| 600ml |
water |
| 2 sachets |
Vege-gel |
| 1 tsp |
natural orange extract |
| 3 tbsp |
bourbon |
| 3 tbsp |
ginger syrup (from the stem ginger jar) |
| 3 tbsp |
caster sugar |
| 50g |
crushed ginger nut biscuits |
| 80g |
stem ginger, chopped |
| 250ml |
vegan custard |
| to garnish |
vegan whipped cream (optional), mint leaves |
Method
- Mix the first six ingredients together in a large saucepan then bring to the boil.
- While you are waiting for the water to boil, put half of the biscuit crumbs in 4 tall glass tumblers and press down gently to form a base. Now divide the stem ginger between all the glasses.
- Once the water mixture has come to the boil pour it into the tumblers leaving about a 4cm gap at the top. You might find it easier to pour the liquid into a jug first than directly into the glasses. Leave to set in the glasses – this will take at least an hour.

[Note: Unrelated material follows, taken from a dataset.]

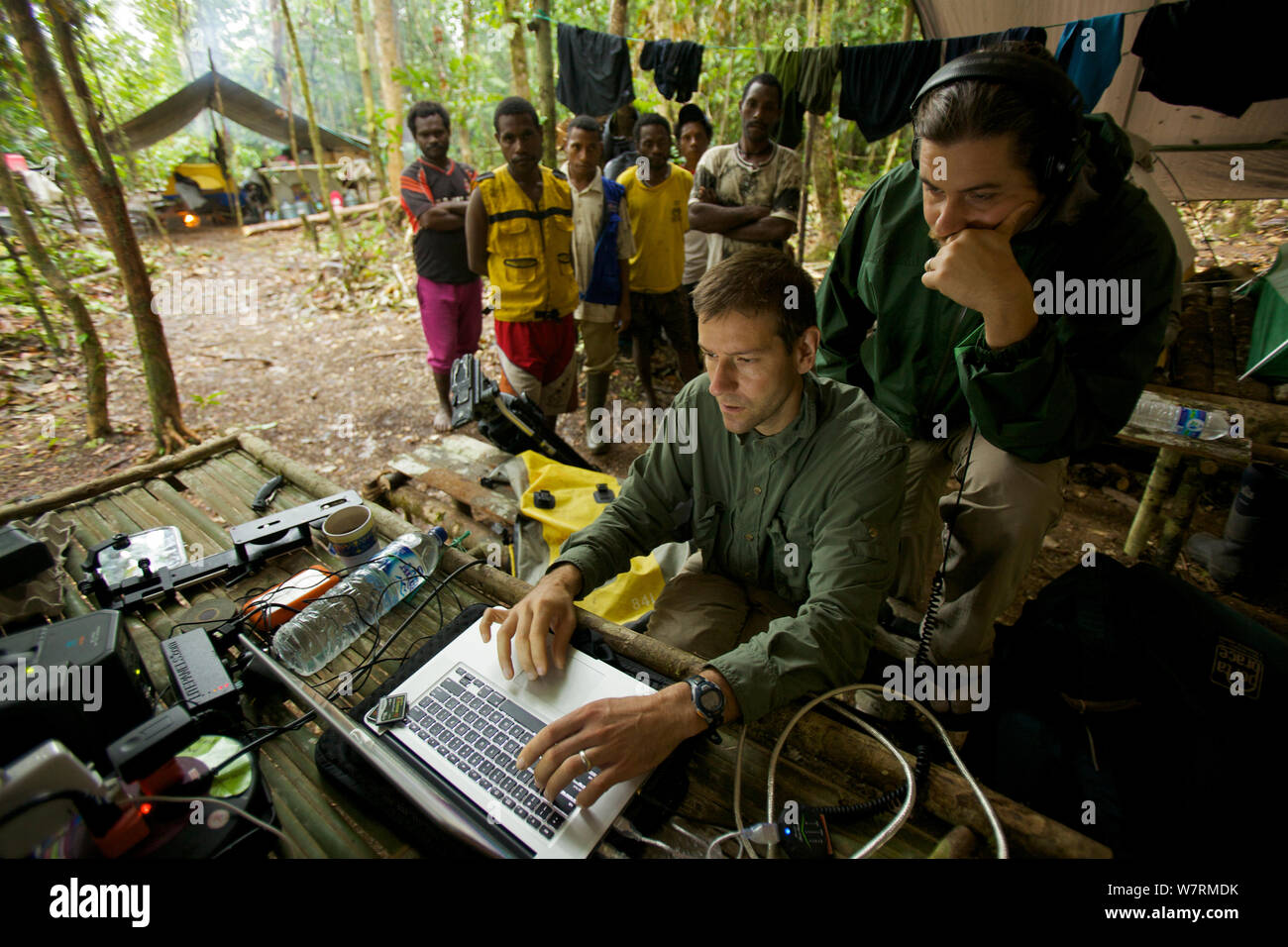 Eric Liner Bewertungen Filmmaterial auf seinem Laptop, während Edwin Scholes und Dorfbewohner auf. West Papua, Neuguinea, August 2009 Stockfoto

- Cover the top of the jelly with the remaining biscuit crumbs then top the glass with vegan custard.
- You can top with whipping cream if desired for extra presentation. Garnish with a sprinkle of biscuit crumbs, a few pieces of stem ginger and a mint leaf. Serve immediately so as not to let the crumb mixture go too soggy.
NB: Soyatoo brand vegan whipped cream can be purchased in a carton or a spray can if you are looking for this ingredient.